Regulators established additional data retention and reporting requirements on Uber, after the tech giant waited 12 months before disclosing a major information security breach.
The company agreed to the new rules in an expanded settlement with the Federal Trade Commission, announced on Thursday by the agency.
Uber had entered into an FTC consent agreement in August 2017, over deficient internal controls on employee access to information. In November, the data breach was revealed by CEO Dara Khosrowshahi, who was then in his first few weeks on the job.
Hackers had stolen information about roughly 57 million people around the world.
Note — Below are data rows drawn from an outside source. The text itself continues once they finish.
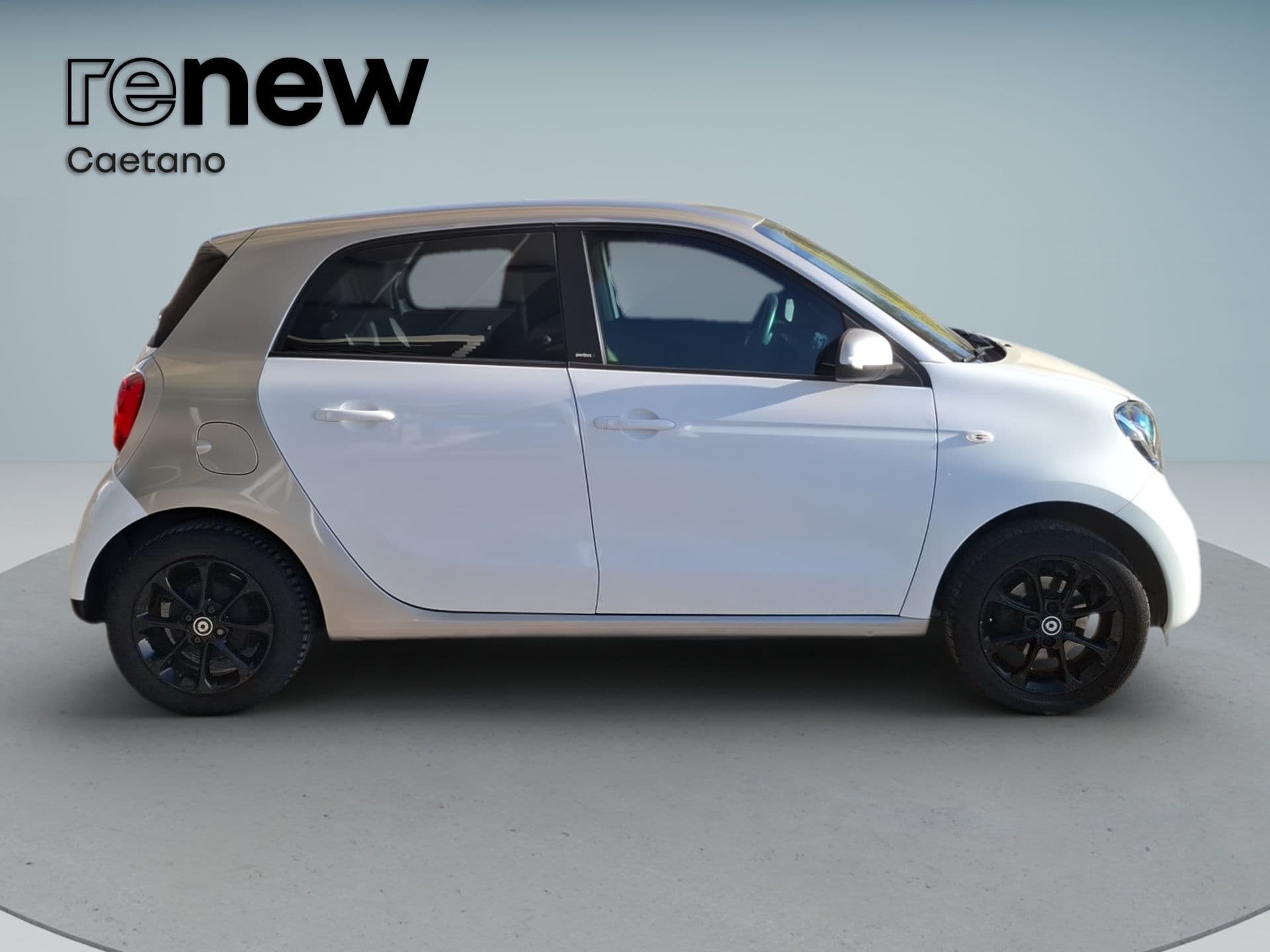 Smart Forfour - 9
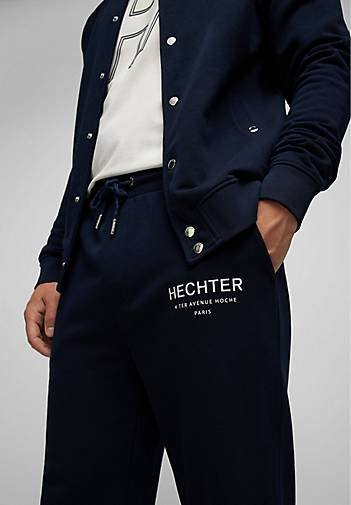 DANIEL HECHTER Jogger-Hose
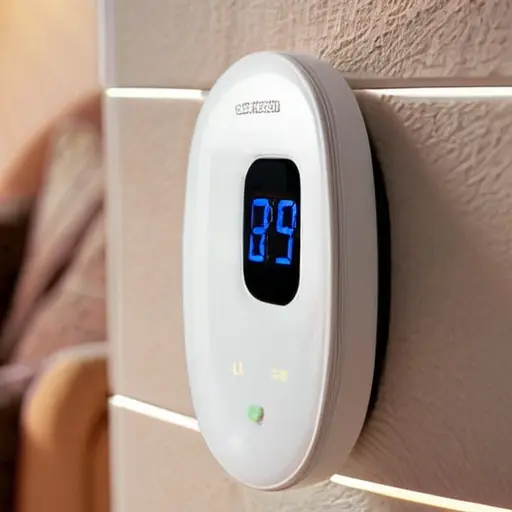 Комнатные термостаты: как выбрать и правильно разместить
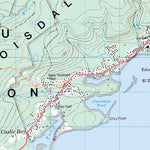 Grand Narrows, NS (011F15 CanMatrix)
The company paid $100,000 to the attackers to erase the data and keep quiet, Khosrowshahi revealed in an interview with Bloomberg.
The executive also said that the two employees who led the response were fired, and pledged to change “the way we do business.”
Uber’s chief of information security, however, defended the “bug bounty” in February testimony before a Senate subcommittee. John Flynn said the initiative “unquestionably has increased the scale and speed at which we are able to identify and eliminate cybersecurity threats.”
As part of Thursday’s revised settlement, Uber agreed to report “bug bounty” payments to the FTC for the next five years. The company also said it would submit to the agency all third party audits arising from the August 2017 consent agreement.
“The strengthened provisions of the expanded settlement are designed to ensure that Uber does not engage in similar misconduct in the future,” said Acting FTC Chair Maureen Ohlhausen.